As an exercise, transcribe the data below in full and exactly, omitting pictures.

**Provided material**.
BEGIN

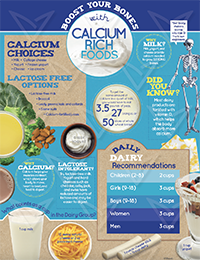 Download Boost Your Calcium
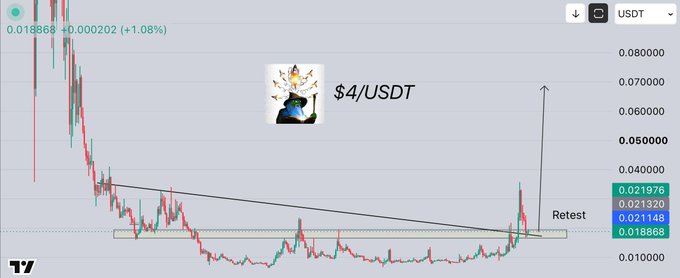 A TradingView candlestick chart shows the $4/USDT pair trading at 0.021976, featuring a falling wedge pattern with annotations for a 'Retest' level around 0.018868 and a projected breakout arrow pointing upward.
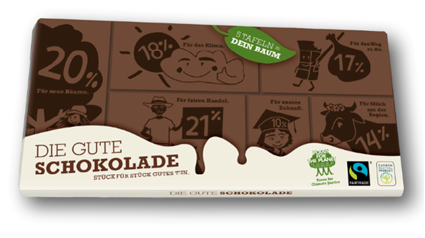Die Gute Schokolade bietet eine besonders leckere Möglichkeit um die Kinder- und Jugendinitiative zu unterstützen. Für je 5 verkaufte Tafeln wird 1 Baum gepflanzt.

END

**Your solution**.
 Download Boost Your Calcium
 A TradingView candlestick chart shows the $4/USDT pair trading at 0.021976, featuring a falling wedge pattern with annotations for a 'Retest' level around 0.018868 and a projected breakout arrow pointing upward.
Die Gute Schokolade bietet eine besonders leckere Möglichkeit um die Kinder- und Jugendinitiative zu unterstützen. Für je 5 verkaufte Tafeln wird 1 Baum gepflanzt.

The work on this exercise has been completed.